> [Activity] With both ends included, transcribe exactly the records below from their first line to the line that contains "it may be fairly".

> [Excerpted records]
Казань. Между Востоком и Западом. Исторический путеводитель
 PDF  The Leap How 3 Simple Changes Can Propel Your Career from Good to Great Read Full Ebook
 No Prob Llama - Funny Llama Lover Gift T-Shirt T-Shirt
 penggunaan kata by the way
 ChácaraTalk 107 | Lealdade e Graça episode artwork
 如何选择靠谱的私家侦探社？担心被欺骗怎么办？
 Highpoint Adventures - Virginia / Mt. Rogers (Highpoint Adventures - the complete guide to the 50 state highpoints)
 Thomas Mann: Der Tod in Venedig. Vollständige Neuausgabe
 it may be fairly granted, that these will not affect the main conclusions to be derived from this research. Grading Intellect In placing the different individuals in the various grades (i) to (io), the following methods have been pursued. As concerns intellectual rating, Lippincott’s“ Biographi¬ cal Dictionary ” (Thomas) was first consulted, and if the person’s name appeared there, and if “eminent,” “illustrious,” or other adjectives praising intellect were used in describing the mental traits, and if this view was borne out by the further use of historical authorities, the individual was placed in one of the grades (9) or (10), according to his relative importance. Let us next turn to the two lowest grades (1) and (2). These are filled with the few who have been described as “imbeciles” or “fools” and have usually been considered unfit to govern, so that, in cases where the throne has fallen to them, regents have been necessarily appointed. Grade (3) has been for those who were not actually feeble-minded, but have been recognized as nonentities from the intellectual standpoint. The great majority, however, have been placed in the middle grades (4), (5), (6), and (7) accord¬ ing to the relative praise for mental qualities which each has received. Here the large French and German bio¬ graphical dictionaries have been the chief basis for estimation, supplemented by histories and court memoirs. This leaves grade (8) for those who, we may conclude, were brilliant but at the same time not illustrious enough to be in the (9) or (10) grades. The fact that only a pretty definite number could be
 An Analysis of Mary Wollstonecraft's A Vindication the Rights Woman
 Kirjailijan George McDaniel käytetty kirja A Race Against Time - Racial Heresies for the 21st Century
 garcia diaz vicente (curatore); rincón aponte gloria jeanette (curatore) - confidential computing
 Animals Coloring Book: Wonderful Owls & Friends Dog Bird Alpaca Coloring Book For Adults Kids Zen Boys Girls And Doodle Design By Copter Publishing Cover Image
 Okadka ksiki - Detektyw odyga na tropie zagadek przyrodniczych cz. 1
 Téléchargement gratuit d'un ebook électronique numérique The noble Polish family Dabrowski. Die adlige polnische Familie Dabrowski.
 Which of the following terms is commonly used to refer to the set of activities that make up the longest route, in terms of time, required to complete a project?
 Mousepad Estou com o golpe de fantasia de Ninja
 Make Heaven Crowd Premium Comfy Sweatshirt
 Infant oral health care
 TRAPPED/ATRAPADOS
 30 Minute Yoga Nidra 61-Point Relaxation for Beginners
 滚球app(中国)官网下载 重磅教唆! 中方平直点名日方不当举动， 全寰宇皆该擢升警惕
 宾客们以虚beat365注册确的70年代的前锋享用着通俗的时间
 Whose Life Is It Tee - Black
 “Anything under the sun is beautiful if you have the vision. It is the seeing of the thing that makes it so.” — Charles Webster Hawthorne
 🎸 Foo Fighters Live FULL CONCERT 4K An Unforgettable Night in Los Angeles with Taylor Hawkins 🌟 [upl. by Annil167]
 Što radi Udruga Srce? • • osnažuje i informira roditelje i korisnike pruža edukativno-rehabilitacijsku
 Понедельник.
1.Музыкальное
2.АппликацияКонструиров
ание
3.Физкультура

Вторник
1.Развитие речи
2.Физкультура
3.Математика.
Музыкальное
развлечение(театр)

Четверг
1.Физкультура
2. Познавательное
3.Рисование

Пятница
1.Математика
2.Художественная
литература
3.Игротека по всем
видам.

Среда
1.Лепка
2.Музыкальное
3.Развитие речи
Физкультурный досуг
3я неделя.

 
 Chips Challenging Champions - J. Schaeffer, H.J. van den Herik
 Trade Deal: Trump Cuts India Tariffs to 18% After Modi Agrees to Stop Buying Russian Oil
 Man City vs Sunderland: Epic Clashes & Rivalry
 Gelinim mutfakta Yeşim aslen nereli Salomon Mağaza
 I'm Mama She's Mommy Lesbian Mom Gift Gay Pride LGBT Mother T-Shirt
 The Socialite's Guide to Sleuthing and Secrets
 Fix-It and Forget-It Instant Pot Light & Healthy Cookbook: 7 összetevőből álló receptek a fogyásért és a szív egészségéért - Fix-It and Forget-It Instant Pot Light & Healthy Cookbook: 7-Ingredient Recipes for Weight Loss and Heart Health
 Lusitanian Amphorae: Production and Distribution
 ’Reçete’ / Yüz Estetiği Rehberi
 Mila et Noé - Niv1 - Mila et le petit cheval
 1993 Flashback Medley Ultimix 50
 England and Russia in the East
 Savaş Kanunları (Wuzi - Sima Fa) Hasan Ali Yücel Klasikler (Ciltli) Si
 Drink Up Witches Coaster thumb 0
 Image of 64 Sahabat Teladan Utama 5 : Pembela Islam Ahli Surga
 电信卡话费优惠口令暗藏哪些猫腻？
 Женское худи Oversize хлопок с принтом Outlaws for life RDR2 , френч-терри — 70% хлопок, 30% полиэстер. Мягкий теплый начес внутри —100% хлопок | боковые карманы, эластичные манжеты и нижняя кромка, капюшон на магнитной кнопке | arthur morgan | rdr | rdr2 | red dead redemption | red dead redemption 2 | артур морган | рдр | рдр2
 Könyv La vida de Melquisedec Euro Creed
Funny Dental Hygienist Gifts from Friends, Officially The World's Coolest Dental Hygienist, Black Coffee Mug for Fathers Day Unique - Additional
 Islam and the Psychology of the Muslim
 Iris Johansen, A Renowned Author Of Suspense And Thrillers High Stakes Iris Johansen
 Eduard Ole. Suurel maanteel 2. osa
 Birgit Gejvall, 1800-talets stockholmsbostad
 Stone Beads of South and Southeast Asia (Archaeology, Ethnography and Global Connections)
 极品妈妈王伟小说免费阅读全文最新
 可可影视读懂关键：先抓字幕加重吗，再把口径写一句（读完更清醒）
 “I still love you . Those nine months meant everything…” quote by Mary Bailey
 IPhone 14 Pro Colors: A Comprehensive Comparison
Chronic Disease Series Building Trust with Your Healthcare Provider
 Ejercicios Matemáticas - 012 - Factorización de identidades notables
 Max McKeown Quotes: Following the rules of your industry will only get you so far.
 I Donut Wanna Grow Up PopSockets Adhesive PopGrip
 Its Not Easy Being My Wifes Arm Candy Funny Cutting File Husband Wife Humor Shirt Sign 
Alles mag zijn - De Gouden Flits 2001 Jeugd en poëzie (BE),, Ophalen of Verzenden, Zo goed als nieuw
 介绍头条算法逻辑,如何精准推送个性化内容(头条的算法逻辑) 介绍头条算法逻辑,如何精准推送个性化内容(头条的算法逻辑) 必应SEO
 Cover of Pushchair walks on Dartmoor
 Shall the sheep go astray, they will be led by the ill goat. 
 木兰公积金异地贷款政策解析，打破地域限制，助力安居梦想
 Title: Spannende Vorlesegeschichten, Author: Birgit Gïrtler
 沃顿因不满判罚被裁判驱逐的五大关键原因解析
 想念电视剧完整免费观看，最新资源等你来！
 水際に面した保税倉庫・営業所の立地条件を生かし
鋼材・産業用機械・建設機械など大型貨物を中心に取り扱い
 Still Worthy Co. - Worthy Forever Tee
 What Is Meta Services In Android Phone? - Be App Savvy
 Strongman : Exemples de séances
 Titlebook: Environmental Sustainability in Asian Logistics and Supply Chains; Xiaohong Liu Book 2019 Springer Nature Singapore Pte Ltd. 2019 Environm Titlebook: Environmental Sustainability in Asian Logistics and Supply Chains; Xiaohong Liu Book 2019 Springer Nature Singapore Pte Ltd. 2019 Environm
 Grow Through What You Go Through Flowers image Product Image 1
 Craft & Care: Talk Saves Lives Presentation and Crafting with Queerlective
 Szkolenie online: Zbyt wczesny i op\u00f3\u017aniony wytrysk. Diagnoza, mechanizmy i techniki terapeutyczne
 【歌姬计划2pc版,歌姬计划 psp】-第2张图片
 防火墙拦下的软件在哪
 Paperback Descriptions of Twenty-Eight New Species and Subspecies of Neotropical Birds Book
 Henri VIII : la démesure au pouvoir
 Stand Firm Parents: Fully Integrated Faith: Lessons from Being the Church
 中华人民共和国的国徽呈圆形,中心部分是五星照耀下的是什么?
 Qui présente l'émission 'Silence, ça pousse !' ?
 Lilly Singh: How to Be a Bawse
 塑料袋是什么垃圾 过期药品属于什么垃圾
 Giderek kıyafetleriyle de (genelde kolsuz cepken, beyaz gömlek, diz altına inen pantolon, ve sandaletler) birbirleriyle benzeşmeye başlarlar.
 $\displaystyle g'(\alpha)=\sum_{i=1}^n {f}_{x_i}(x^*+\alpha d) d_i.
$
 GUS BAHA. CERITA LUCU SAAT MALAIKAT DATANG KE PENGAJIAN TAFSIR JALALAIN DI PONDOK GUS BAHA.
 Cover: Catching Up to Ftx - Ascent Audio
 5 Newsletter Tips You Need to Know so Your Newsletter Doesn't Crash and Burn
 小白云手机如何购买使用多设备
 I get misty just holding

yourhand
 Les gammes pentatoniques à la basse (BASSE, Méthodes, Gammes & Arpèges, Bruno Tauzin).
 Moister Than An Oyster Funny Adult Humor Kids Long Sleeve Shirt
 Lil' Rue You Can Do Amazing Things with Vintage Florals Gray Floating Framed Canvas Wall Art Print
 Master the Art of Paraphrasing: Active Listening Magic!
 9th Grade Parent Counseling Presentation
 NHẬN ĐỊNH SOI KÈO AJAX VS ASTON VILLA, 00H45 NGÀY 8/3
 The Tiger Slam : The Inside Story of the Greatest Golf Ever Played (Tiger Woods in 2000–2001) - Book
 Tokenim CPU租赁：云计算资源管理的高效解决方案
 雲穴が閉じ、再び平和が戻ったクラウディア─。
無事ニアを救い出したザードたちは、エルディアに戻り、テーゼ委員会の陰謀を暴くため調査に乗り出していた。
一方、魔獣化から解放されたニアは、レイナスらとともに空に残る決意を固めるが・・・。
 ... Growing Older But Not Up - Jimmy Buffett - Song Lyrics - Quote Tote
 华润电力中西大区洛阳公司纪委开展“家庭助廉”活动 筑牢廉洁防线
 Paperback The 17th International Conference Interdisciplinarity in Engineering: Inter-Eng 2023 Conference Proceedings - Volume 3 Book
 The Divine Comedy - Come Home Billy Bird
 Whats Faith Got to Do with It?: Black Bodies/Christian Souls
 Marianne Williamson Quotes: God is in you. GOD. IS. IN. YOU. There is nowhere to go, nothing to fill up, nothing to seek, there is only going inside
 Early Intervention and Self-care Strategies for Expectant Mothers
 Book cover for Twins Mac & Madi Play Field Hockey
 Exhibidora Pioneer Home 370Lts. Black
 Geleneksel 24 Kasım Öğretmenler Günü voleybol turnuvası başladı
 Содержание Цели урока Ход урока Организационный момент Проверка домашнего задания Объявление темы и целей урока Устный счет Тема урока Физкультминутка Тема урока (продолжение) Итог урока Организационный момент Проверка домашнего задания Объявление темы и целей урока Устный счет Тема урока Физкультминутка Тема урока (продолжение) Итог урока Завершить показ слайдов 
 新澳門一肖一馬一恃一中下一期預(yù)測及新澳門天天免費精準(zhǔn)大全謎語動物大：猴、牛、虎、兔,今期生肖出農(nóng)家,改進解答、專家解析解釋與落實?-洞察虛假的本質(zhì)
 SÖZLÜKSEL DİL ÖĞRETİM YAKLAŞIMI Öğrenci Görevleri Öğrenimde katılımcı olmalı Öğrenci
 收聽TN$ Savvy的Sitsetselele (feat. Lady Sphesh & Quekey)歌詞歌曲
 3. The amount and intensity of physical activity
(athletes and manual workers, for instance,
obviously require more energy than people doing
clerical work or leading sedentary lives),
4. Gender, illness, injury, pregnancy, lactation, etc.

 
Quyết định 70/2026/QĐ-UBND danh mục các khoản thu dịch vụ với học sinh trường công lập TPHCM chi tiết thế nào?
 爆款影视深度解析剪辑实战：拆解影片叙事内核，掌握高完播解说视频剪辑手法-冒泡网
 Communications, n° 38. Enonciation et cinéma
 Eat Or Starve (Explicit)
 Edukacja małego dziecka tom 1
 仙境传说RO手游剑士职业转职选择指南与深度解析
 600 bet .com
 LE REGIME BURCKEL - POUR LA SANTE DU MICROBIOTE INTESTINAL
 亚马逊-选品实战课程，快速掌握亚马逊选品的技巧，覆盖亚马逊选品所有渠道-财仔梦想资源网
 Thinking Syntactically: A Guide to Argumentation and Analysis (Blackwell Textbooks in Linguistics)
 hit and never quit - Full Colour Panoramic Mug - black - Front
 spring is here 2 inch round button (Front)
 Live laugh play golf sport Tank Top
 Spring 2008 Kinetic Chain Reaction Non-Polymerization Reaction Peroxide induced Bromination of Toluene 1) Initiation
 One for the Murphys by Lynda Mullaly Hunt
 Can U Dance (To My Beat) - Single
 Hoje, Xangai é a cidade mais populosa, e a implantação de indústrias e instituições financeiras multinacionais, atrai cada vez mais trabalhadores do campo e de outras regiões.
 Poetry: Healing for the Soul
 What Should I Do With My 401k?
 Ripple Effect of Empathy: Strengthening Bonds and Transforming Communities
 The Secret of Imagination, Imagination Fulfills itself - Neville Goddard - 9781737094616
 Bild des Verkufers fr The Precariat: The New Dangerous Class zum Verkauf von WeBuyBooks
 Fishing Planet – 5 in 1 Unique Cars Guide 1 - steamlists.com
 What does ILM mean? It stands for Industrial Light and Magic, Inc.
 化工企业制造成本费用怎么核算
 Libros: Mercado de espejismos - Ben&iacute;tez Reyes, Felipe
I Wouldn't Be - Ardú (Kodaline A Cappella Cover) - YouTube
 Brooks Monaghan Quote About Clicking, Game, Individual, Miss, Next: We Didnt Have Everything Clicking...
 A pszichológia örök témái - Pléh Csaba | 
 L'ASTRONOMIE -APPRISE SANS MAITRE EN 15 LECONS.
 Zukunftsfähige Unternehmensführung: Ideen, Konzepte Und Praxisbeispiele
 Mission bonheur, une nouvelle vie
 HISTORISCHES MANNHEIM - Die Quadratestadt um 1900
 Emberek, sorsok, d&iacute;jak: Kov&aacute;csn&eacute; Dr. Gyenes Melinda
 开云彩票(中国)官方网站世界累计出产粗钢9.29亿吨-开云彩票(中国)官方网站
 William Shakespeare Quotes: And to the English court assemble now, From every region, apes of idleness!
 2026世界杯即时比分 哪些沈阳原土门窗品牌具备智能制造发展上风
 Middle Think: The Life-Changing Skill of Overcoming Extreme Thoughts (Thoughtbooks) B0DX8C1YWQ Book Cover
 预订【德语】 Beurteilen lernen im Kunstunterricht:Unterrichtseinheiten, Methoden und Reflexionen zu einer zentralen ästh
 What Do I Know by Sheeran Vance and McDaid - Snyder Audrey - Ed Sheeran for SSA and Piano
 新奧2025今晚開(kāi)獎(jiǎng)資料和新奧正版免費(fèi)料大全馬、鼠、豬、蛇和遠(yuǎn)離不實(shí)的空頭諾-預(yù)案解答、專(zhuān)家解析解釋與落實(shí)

> [Exercise output]
Казань. Между Востоком и Западом. Исторический путеводитель
 PDF  The Leap How 3 Simple Changes Can Propel Your Career from Good to Great Read Full Ebook
 No Prob Llama - Funny Llama Lover Gift T-Shirt T-Shirt
 penggunaan kata by the way
 ChácaraTalk 107 | Lealdade e Graça episode artwork
 如何选择靠谱的私家侦探社？担心被欺骗怎么办？
 Highpoint Adventures - Virginia / Mt. Rogers (Highpoint Adventures - the complete guide to the 50 state highpoints)
 Thomas Mann: Der Tod in Venedig. Vollständige Neuausgabe
 it may be fairly granted, that these will not affect the main conclusions to be derived from this research. Grading Intellect In placing the different individuals in the various grades (i) to (io), the following methods have been pursued. As concerns intellectual rating, Lippincott’s“ Biographi¬ cal Dictionary ” (Thomas) was first consulted, and if the person’s name appeared there, and if “eminent,” “illustrious,” or other adjectives praising intellect were used in describing the mental traits, and if this view was borne out by the further use of historical authorities, the individual was placed in one of the grades (9) or (10), according to his relative importance. Let us next turn to the two lowest grades (1) and (2). These are filled with the few who have been described as “imbeciles” or “fools” and have usually been considered unfit to govern, so that, in cases where the throne has fallen to them, regents have been necessarily appointed. Grade (3) has been for those who were not actually feeble-minded, but have been recognized as nonentities from the intellectual standpoint. The great majority, however, have been placed in the middle grades (4), (5), (6), and (7) accord¬ ing to the relative praise for mental qualities which each has received. Here the large French and German bio¬ graphical dictionaries have been the chief basis for estimation, supplemented by histories and court memoirs. This leaves grade (8) for those who, we may conclude, were brilliant but at the same time not illustrious enough to be in the (9) or (10) grades. The fact that only a pretty definite number could be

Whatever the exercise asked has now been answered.